Natura 2000 site (SAC)
- Official name: Caicedo Yuso eta Arreoko lakua / Lago de Caicedo Yuso y Arreo
- Designated: May 2016
- Reference no.: ES2110007
- Area: 1.48 km^{2} (0.57 sq mi)

= Lake Arreo =

Lake in the Basque Country, Spain

Lake Arreo (Arreoko aintzira, Lago de Arreo), also known as the Caicedo-Yuso Lake (Caicedo-Yusoko aintzira, Lago de Caicedo-Yuso) is a lake in the province of Álava, Basque Country, Spain. With a surface of 6.5 ha, it is the only natural lake in the Basque Country.

==Flora and fauna==
Hydrophytes found within the lake itself include Myriophyllum verticillatum, M. spicatum, Ceratophyllum submersum, Potamogeton pectinatus, P. coloratus, P. gramineus, P. nodosus, P. pusillus, P. lucens, Ranunculus trichophyllus, R. peltatus baudoti, Polygonum amphibium and Utricularia australis.

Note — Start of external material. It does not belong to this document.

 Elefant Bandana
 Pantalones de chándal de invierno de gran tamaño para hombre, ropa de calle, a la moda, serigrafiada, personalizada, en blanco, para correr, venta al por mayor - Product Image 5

The shallow shores of the lake are home to plants species including Schoenoplectus lacustris, common reed, Typha angustifolia, Cladium mariscus. Due to the existence of a salt spring near the lake, species found in saline areas such as Juncus acutus, Juncus gerardi, Spergularia marina, Parapholis incurva and Plantago coronopus are also present.

Mallards, Eurasian coots and great crested grebes have been observed at the site. According to a study by the Basque Water Agency, four species of fish are present in the lake. Only the tench is autochthonous; while the largemouth bass, Eurasian carp and the pumpkinseed are introduced.